_INFORMATION GIVEN_.
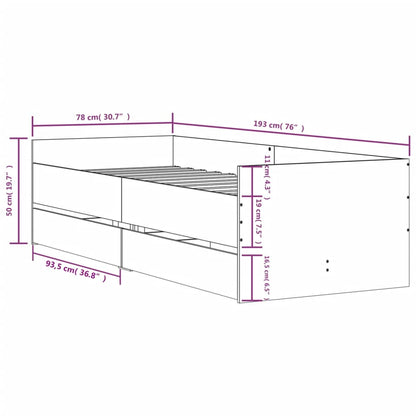 Bed Frame | Concrete grey | Engineered wood | Small Single | Bed Frame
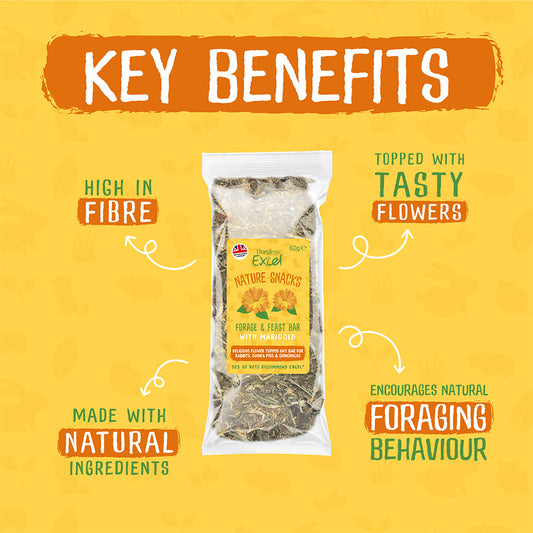 Burgess Excel Small Animal Treats Forage & Feast Hay Bar Marigold 60g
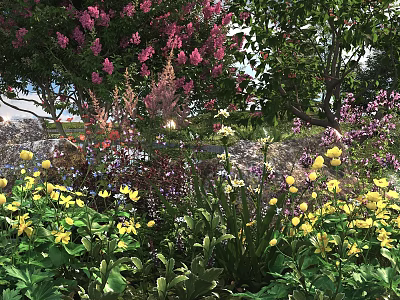 Vibrant Flowering Bush With Pink Yellow Purple Blooms And Green Foliage 3d model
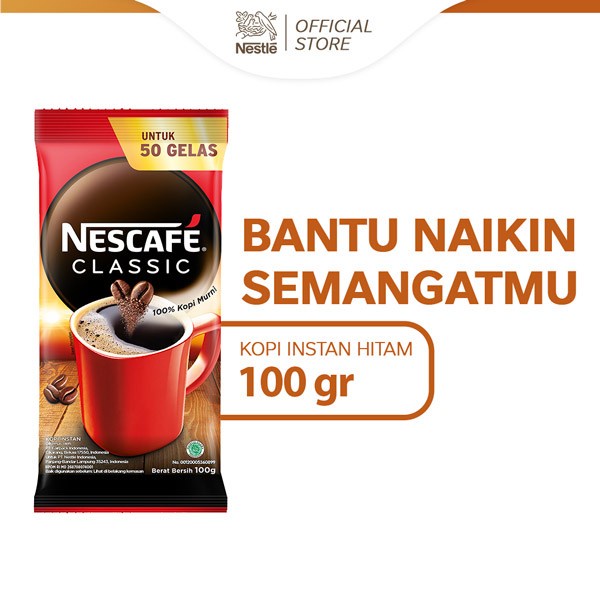 

Kopi-Bubuk- Nescafe Classic Kopi Instan Kopi Hitam Sachet Bag 100G -Bubuk-Kopi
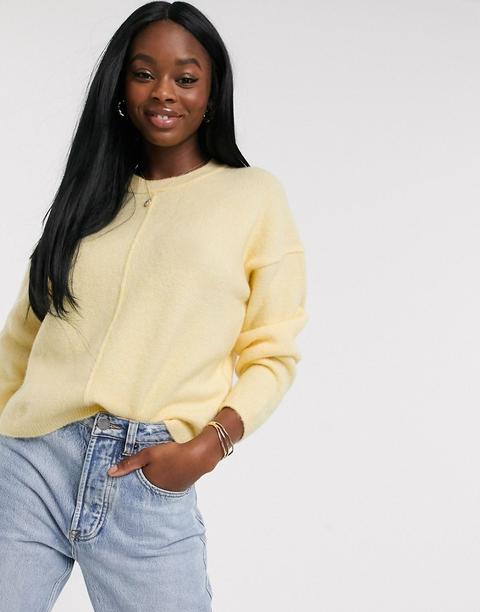 Asos Design - Pull Duveteux À Fausses Coutures-jaune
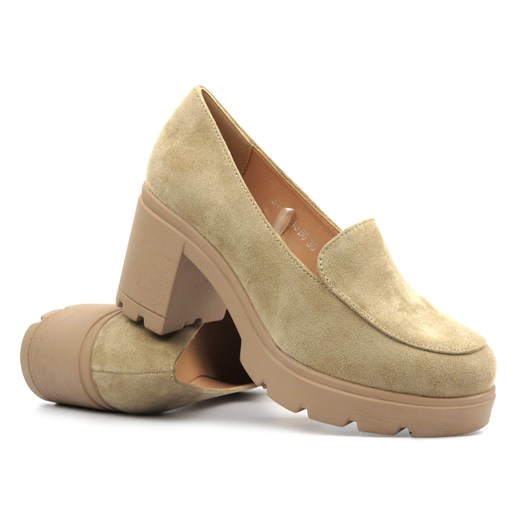 Eleganckie buty damskie na klocku - Potocki 24-12040, beżowe ze sklepu ulubioneobuwie w kategorii Półbuty damskie - zdjęcie 178867403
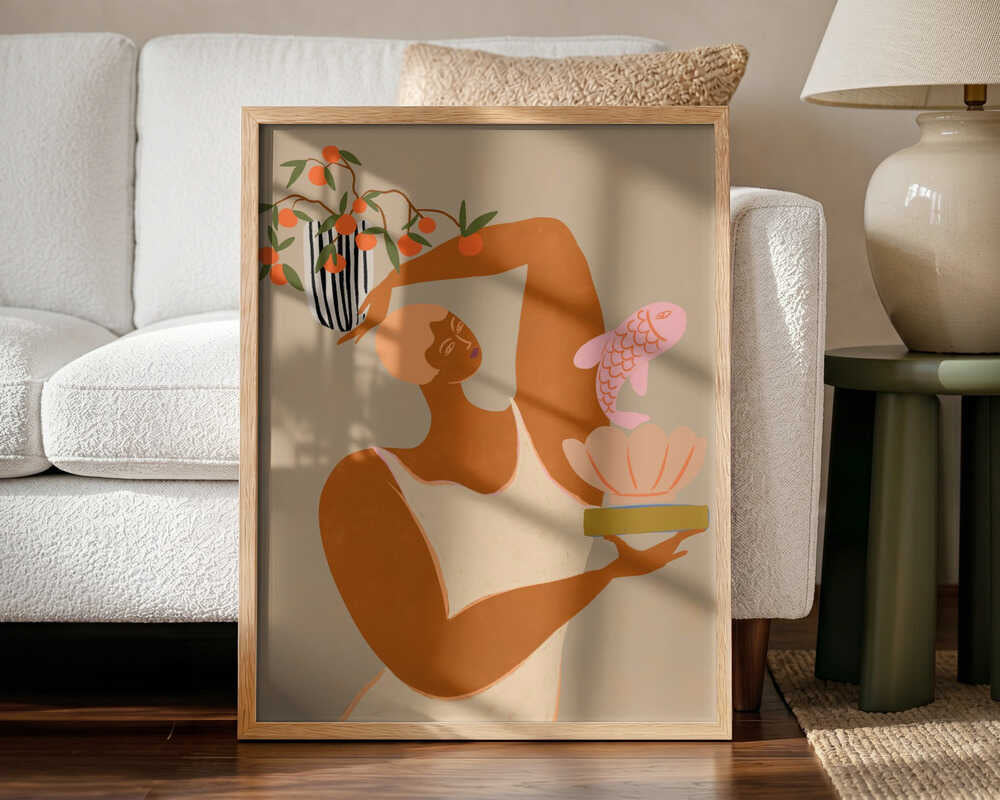 Fish And Oranges Art Print UK — Animal Vibrant Wall Art — Kitchen — Wall It All Prints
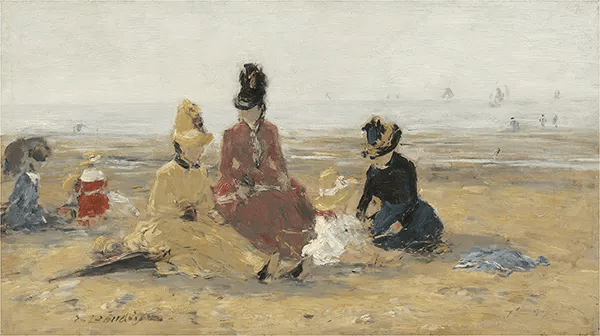 On the Beach Trouville 1887 by Eugene Boudin | Oil Painting Reproduction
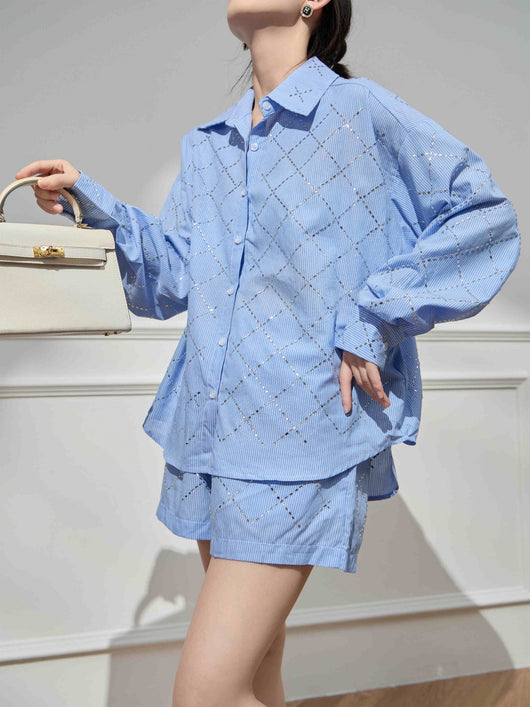 Conjunto Casual de Blusa y Shorts Azul para Mujer - Image 2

_WHAT YOU ARE ASKED TO DO_. Copy every record exactly, dropping the images.

_TASK SOLUTION_.
 Bed Frame | Concrete grey | Engineered wood | Small Single | Bed Frame
 Burgess Excel Small Animal Treats Forage & Feast Hay Bar Marigold 60g
 Vibrant Flowering Bush With Pink Yellow Purple Blooms And Green Foliage 3d model

Kopi-Bubuk- Nescafe Classic Kopi Instan Kopi Hitam Sachet Bag 100G -Bubuk-Kopi
 Asos Design - Pull Duveteux À Fausses Coutures-jaune
 Eleganckie buty damskie na klocku - Potocki 24-12040, beżowe ze sklepu ulubioneobuwie w kategorii Półbuty damskie - zdjęcie 178867403
 Fish And Oranges Art Print UK — Animal Vibrant Wall Art — Kitchen — Wall It All Prints
 On the Beach Trouville 1887 by Eugene Boudin | Oil Painting Reproduction
 Conjunto Casual de Blusa y Shorts Azul para Mujer - Image 2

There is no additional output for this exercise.